- Activity -
Nothing but the lines from the one with "X0000112170972200908211422" through the end of the records may appear in the answer, each reproduced exactly, pictures omitted.

Dataset items
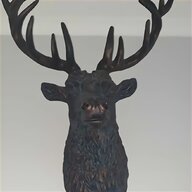 mounted deer head for sale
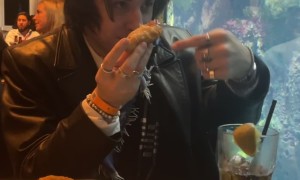 Restaurant-Goer Traumatizes A Fish
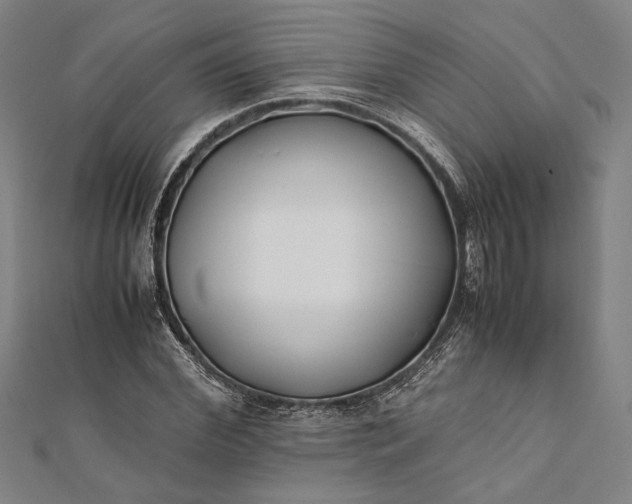 X0000112170972200908211422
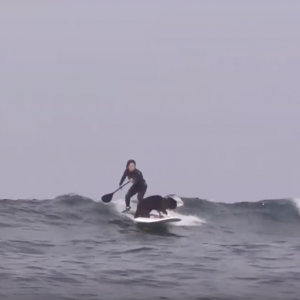 Border Collie Dog & Surfer Girl Surfing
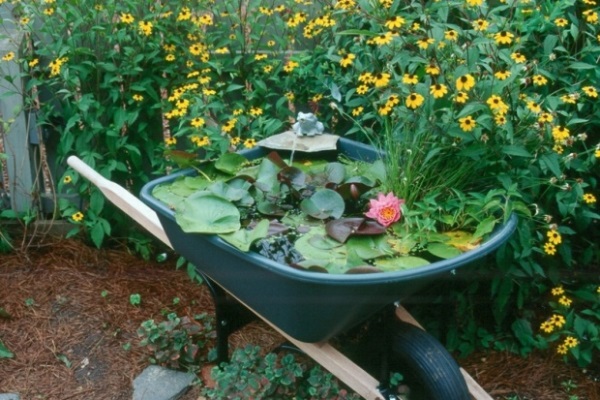 DIY: Thú vị với cách trồng cây thủy sinh - Trang trí - Ý tưởng - Xu hướng - Mẹo và Sáng Kiến - Ngoài trời - Vườn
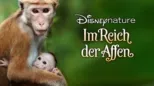thumbnail - Im Reich der Affen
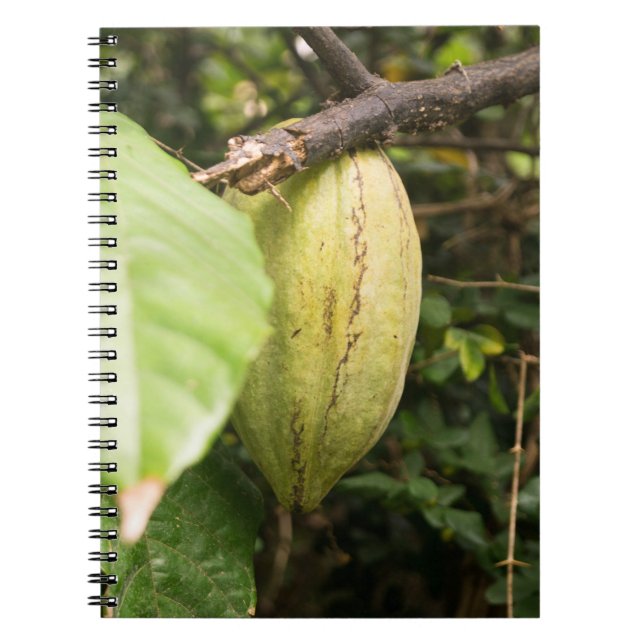 Cuaderno cacao pod (Frente)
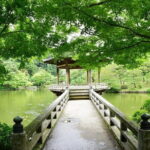 Narita Shinshoji Temple and Sakura Samurai Residences by car - Why Choose This Tour?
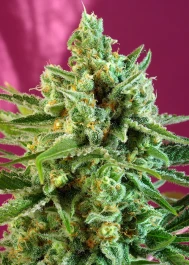 SWSCBDP5 - SWEET SEEDS - S.A.D. SWEET AFGANI DELICIOUS CBD® FEM (SWS60) | 5+2 SEMI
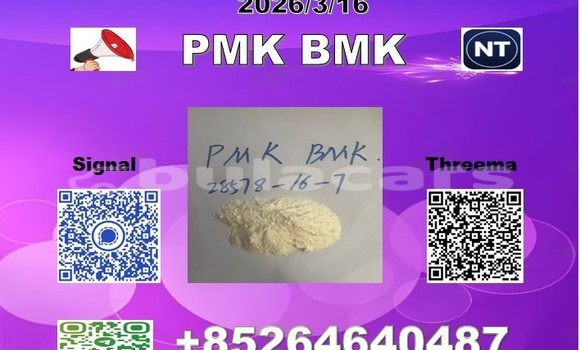 28578-16-7 PMK 
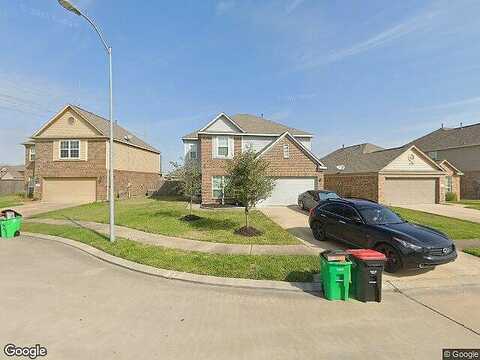 Texas Elm, FRESNO, TX 77545
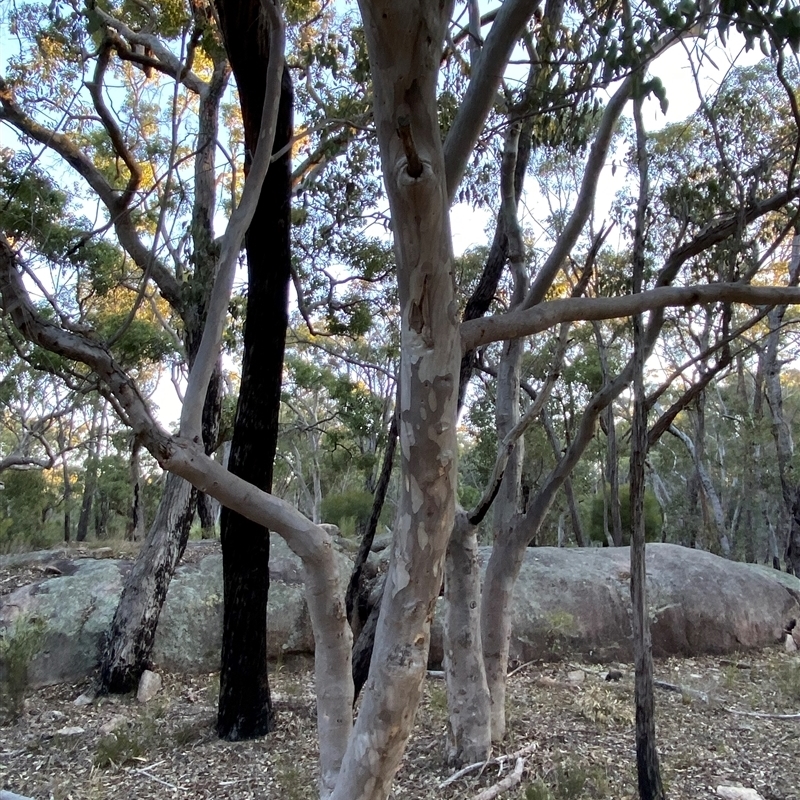 Eucalyptus prava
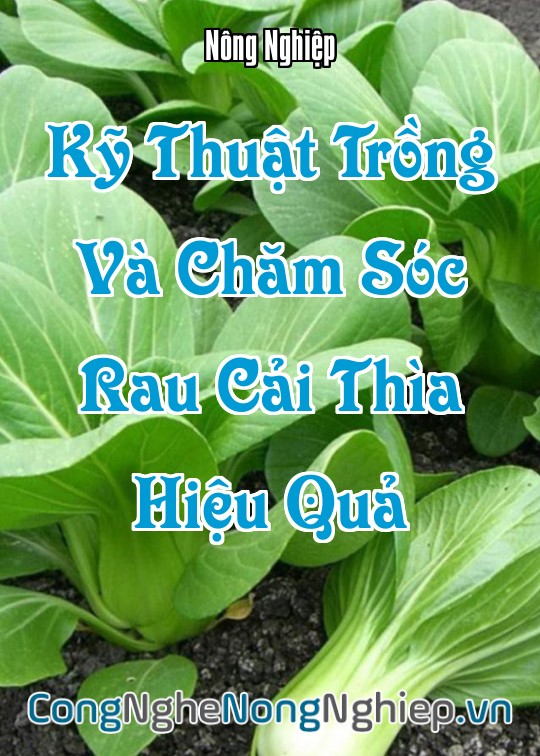 Ảnh bìa sách Kỹ Thuật Trồng Và Chăm Sóc Rau Cải Thìa Hiệu Quả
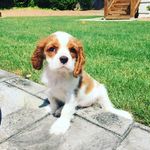 Daisy Mae Bacon - @daisymae_thecavalier - Instagram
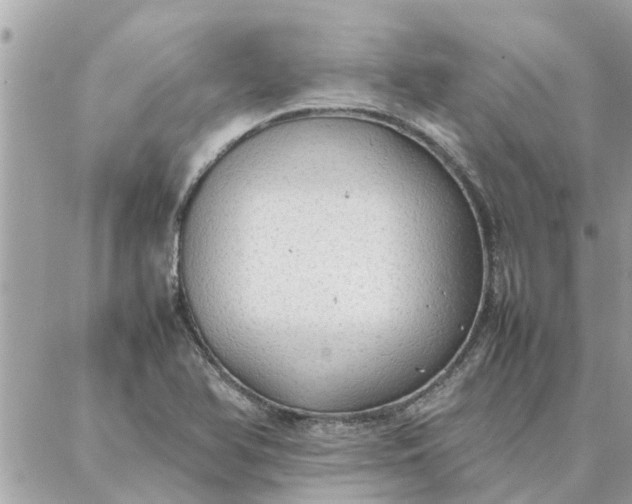 X0000087361366200705041844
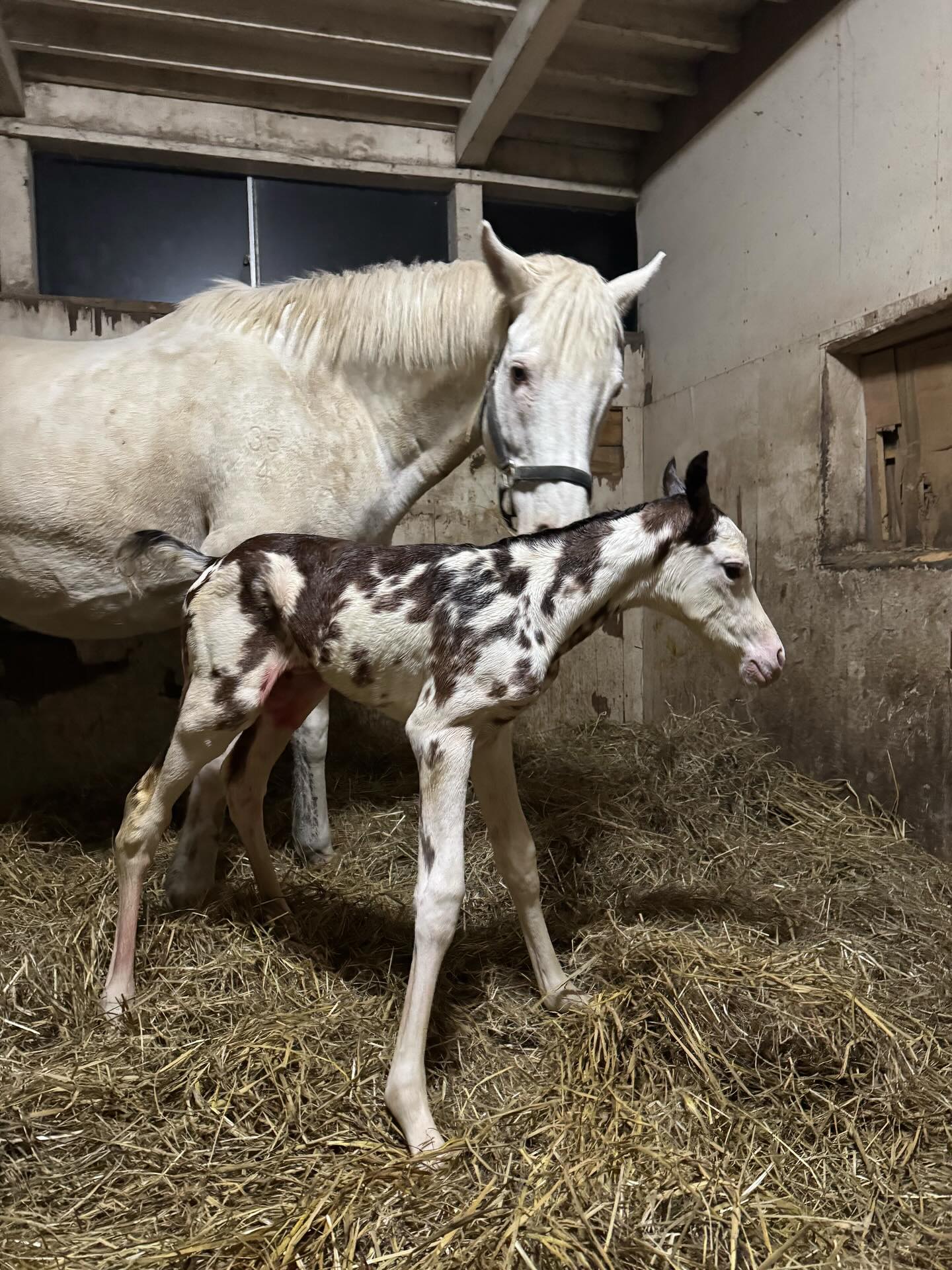 父ドウデュース初年度産駒に〝ブチ柄白毛〟牝馬が誕生！ 半兄は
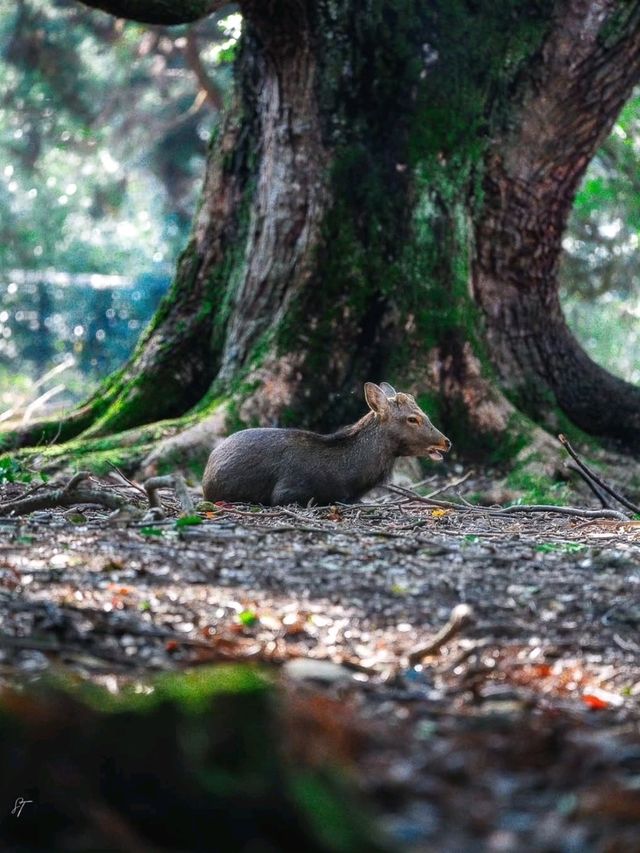 🌸 Nara Park: Where Nature, History & Sacred Deer Meet 🇯🇵✨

- Completed exercise -
 X0000112170972200908211422
 Border Collie Dog & Surfer Girl Surfing
 DIY: Thú vị với cách trồng cây thủy sinh - Trang trí - Ý tưởng - Xu hướng - Mẹo và Sáng Kiến - Ngoài trời - Vườn
thumbnail - Im Reich der Affen
 Cuaderno cacao pod (Frente)
 Narita Shinshoji Temple and Sakura Samurai Residences by car - Why Choose This Tour?
 SWSCBDP5 - SWEET SEEDS - S.A.D. SWEET AFGANI DELICIOUS CBD® FEM (SWS60) | 5+2 SEMI
 28578-16-7 PMK 
 Texas Elm, FRESNO, TX 77545
 Eucalyptus prava
 Ảnh bìa sách Kỹ Thuật Trồng Và Chăm Sóc Rau Cải Thìa Hiệu Quả
 Daisy Mae Bacon - @daisymae_thecavalier - Instagram
 X0000087361366200705041844
 父ドウデュース初年度産駒に〝ブチ柄白毛〟牝馬が誕生！ 半兄は
 🌸 Nara Park: Where Nature, History & Sacred Deer Meet 🇯🇵✨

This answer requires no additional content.